Problem statement: Once the line holding "8000 мАч светодиодный" is found in the entries below, transcribe exactly every line up to and including the one holding "Fauteuil d'appoint en", but leave out the pictures.
+===+
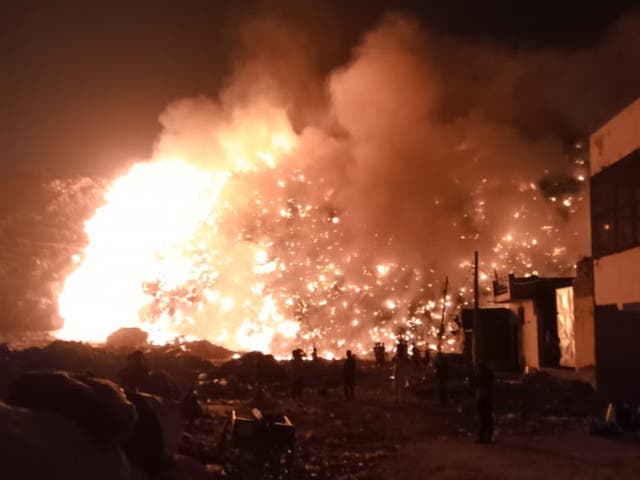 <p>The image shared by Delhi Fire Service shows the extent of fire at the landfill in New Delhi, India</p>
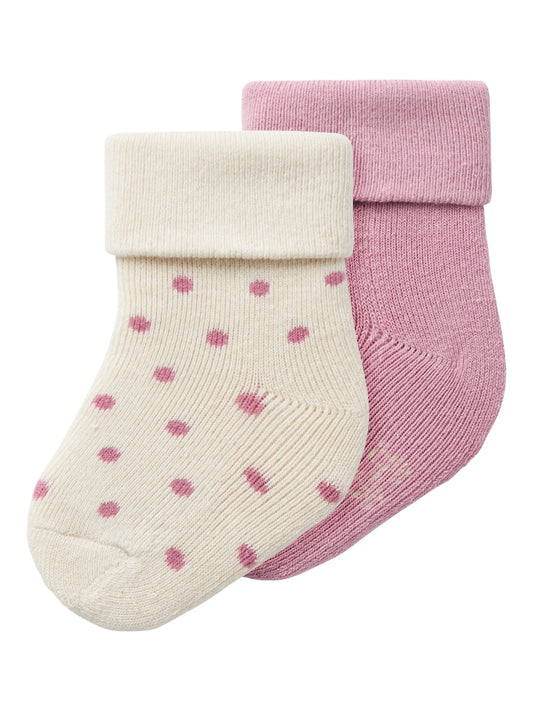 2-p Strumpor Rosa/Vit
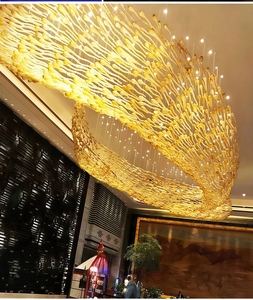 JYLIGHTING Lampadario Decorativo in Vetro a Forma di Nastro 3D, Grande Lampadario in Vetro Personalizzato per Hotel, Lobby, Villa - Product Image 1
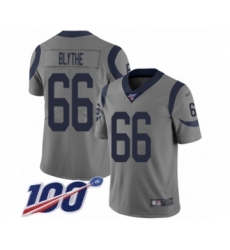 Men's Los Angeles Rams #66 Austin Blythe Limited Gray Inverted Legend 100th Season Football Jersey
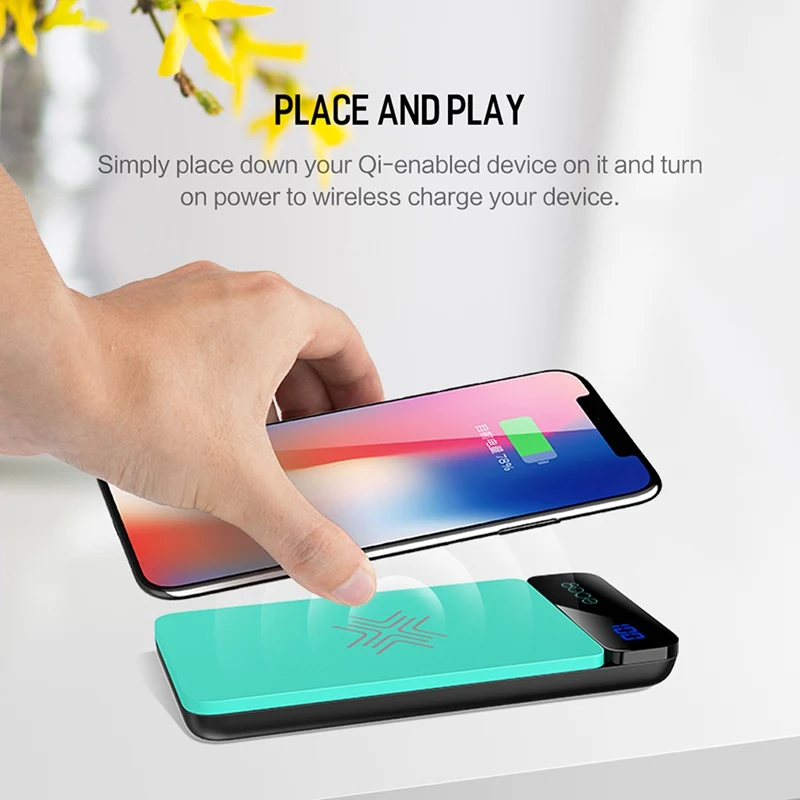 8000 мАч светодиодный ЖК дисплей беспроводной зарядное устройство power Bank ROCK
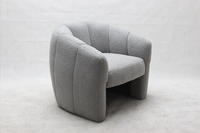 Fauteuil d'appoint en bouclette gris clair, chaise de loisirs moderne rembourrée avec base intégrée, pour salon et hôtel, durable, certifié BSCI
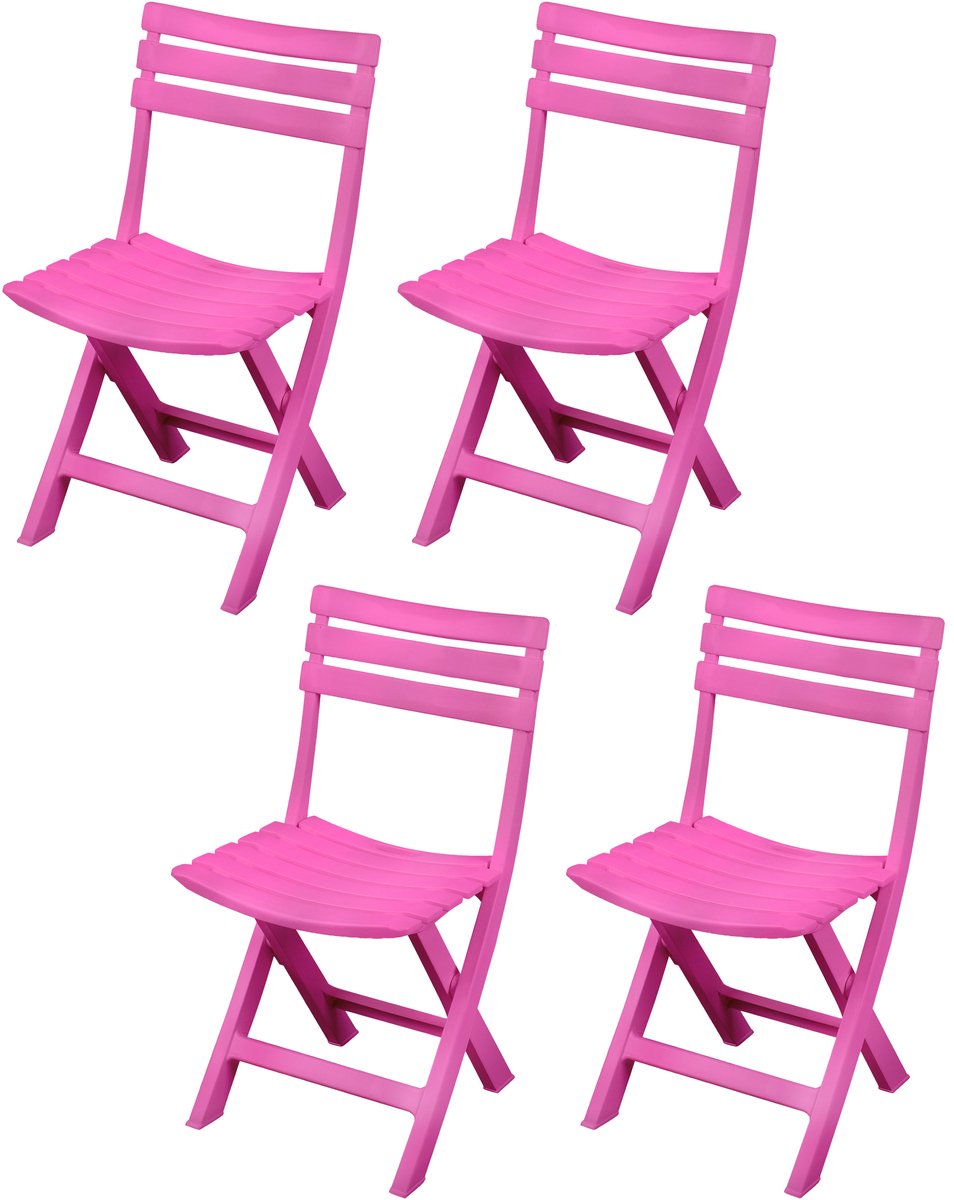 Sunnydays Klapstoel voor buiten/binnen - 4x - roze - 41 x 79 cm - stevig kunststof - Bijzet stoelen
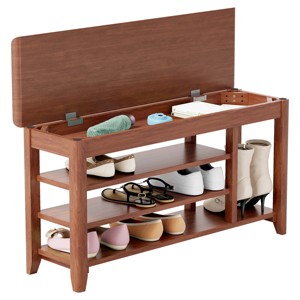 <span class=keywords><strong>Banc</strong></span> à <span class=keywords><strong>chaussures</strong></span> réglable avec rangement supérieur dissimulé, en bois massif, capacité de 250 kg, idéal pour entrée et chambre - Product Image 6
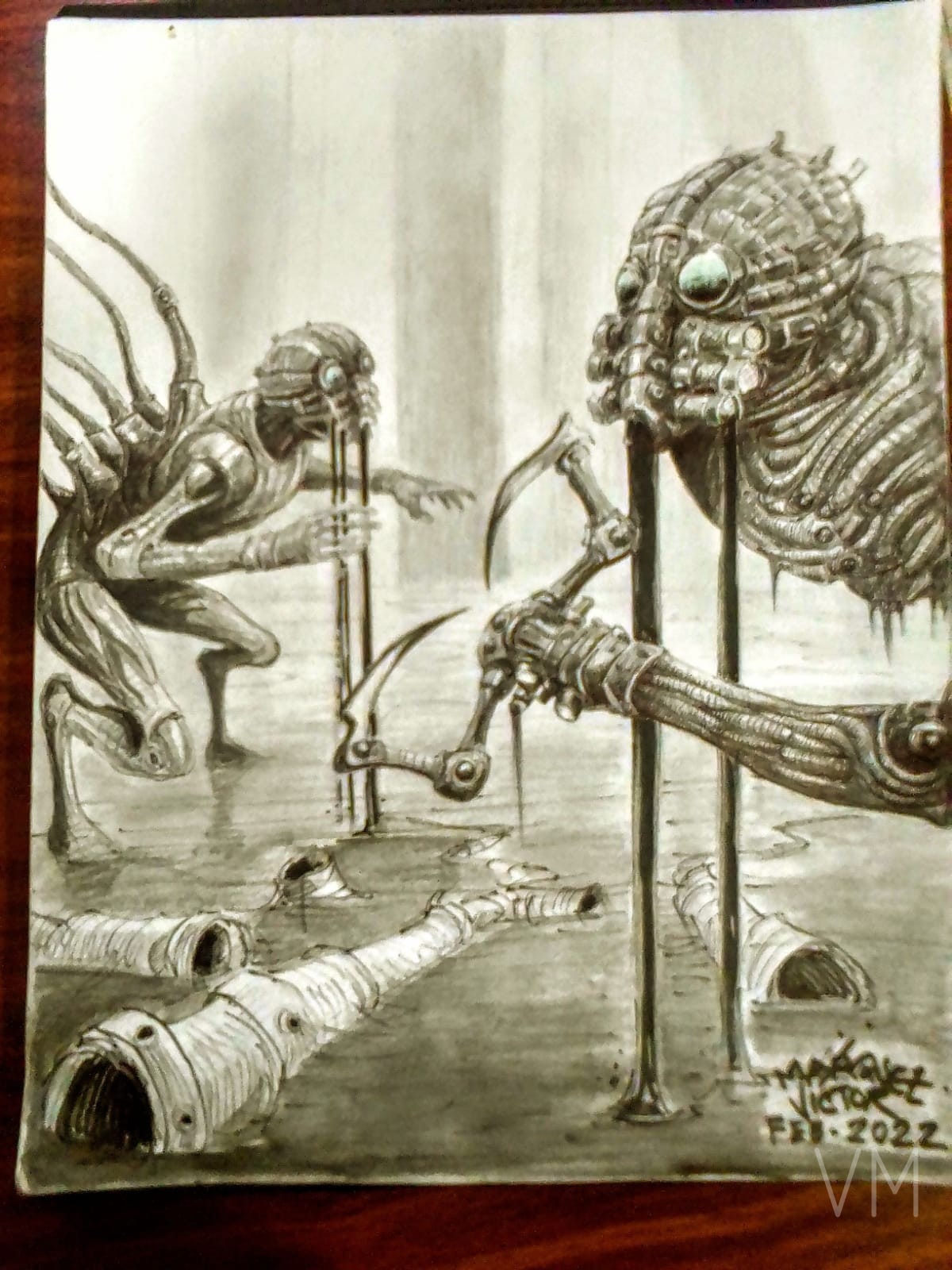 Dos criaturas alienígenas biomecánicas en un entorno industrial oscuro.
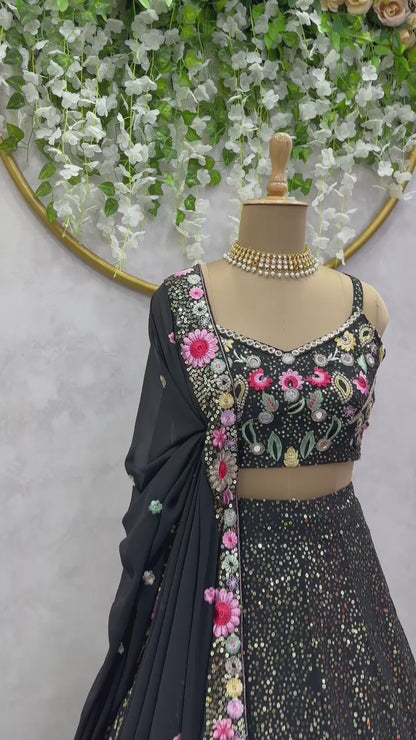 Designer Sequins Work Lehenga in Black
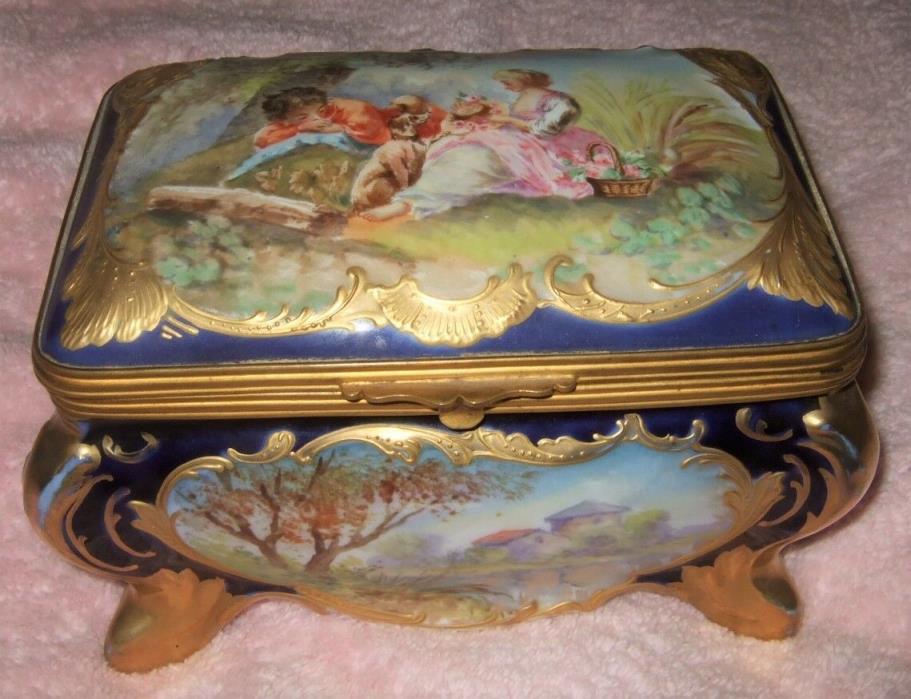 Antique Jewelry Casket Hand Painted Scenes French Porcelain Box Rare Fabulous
+===+
Reply:
 8000 мАч светодиодный ЖК дисплей беспроводной зарядное устройство power Bank ROCK
 Fauteuil d'appoint en bouclette gris clair, chaise de loisirs moderne rembourrée avec base intégrée, pour salon et hôtel, durable, certifié BSCI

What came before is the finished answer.